Following a surge in the trade deficit reflecting unstable trade policies, economic experts predict a slight cooldown in the import rush that defined the start of the year.
As the administration enters its fourth month in office, the data might not immediately reflect the threat of a trade war. While the last few months were marked with a large front-running of goods ahead of tariffs, February is expected to continue that trend but at a slower pace. Experts predict a tightened deficit in goods and services of $122.47 billion for February – down from $131.4 billion in January.
Here are five things to look out for ahead of the report’s release April 3, at 8:30 a.m. EST.
1. New tariffs
Companies have spent the last two months front-running goods ahead of the threat of tariffs. That includes the recent surge in auto sales ahead of the 25% tariffs on foreign automobiles and certain parts to be signed on April 2.
“These tariffs will certainly disrupt our neighbor’s economy,” said Rishav Bista, associate professor of economics at Texas Christian University. “While Canada and Mexico stand to lose much more than the US due to these tariffs, it affects the US as well.”
In January, imports and exports rose significantly as companies prepared ahead of changing policies. Among those increased imports are industrial supplies, consumer goods like pharmaceuticals and cell phones, and capital goods like computers and telecommunications.
However, the onset of additional tariffs on April 2 – dubbed “Liberation Day” – ushers in the next phase of Pres. Donald Trump’s trade policies. The new 10% baseline tariff on countries worldwide continues to create an environment of uncertainty for many businesses.
2. Accelerating exports
Advance data on goods trade showed exports rising 4.1% in February, compared to 1.6% previously. In contrast, imports slowed down to -0.2% compared to 12.5% the previous month. That was most likely in preparation for new tariffs set to go into effect on April 3.
Early indicators from the U.S. Census Bureau show a trade deficit in goods only of $147.9 billion for February.
“Right before inauguration, there was a lot of excitement that we have a pro-business administration, so it’s all going to be great for businesses because (the administration) only focused on things like tax cuts and regulation,” said Vivek Jayakumar, associate professor of economics at the University of Tampa. “But they kind of downplayed what might happen on the trade side, on the tariff side and now I think (businesses) are realizing that President Trump was quite serious about trying to rewire the global trading system and that’s causing almost a rethink among the business community and the financial market community.”
3. Stock market uncertainty
The uncertainty of federal trade policies has also manifested itself in the stock market. Financial markets immediately responded to the latest tariff announcement. The S&P 500 dropped 2% and the Nasdaq Index fell 3.3%.
Last month, the stock market plummeted soon after the last round of tariffs was first announced before climbing back up after Trump paused the tariffs against Canada and Mexico. The stock market has had a pattern of sharp drops followed by stronger finishes by the end of the day in the lead-up to the April 2 announcement.

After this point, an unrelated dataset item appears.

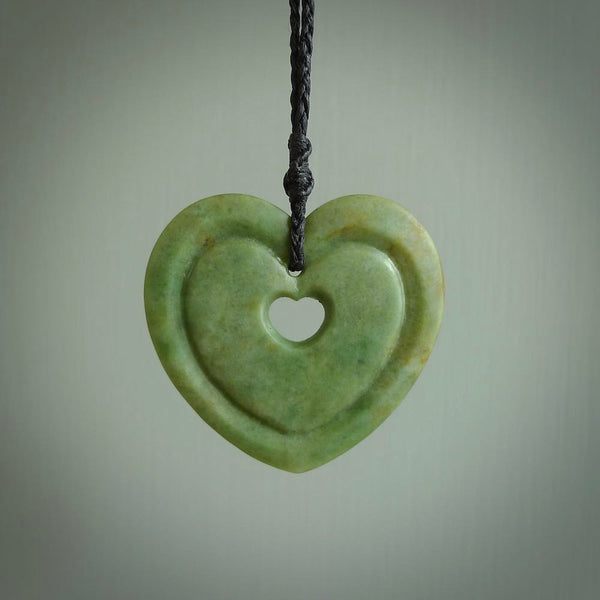 A large hand-carved Jade heart pendant. These are lovely pendants carved from exquisite New Zealand pounamu. Free worldwide delivery. Delivered to you on an adjustable cord.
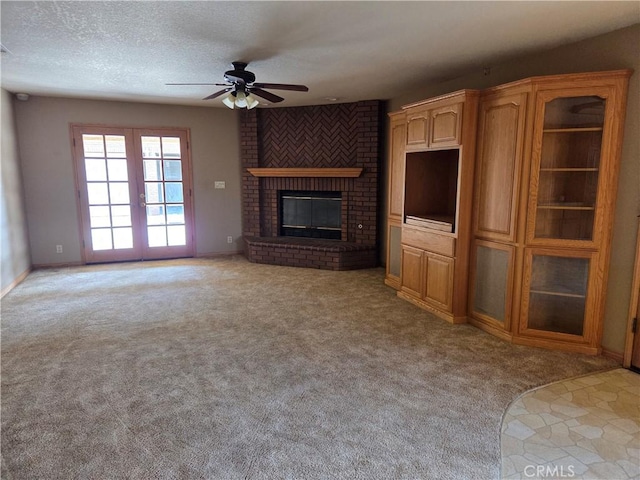 unfurnished living room featuring baseboards, a ceiling fan, a brick fireplace, and light colored carpet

The surge of uncertainty could affect American industrial production. Bloomberg economists predict a spike in uncertainty could curb production by 1.1% by next year.
Furthermore, economic uncertainty might eventually lead the country into a recession. Goldman Sachs warned clients earlier this week there is now a 35% chance of recession in the next 12 months, compared to 20% previously.
4. Retaliatory tariffs
Trump’s sweeping tariffs could force trading partners’ hands to retaliate. This includes countries like China, India and the European Union. The E.U. has already established an emergency response plan ahead of new tariffs.
Higher prices for imports of input, such as steel and aluminum, for US producers, would increase the cost of production, which would ultimately be passed on to the US consumers, said Bista. This higher cost can lead to lower production and thus, rising unemployment. This is known as stagflation.
“Threat of retaliation from affected countries can result in increased uncertainty, which would affect the stock market and raise volatility in the market. All of these factors point towards worsening the inflation and decreasing American real income or purchasing power via higher cost of consumption,” Bista said.
The U.S. trade deficit was already reflecting the new administration’s threat of a trade war after the November 2024 election. Last year’s deficit of $98 billion, already a record high, continued to soar in the first month of the Trump presidency, a clear sign of a global economy reacting to policy changes.
5. Rising prices
Overall, the direction of trade policies is set to increase prices and consumer surveys show concerns about the potential inflationary effects of tariffs, said Jayakumar.
Additionally, experts agree that the effects of tariffs will be felt more strongly among lower-income households.
“Studies show that consumers with lower income levels spend disproportionately more of their income on food and manufactured goods, which are traded much more heavily than services (which consumers with higher levels of income spend relatively more on),” Bista said. “Therefore, consumers with lower levels of income stand to lose more due to these tariffs.”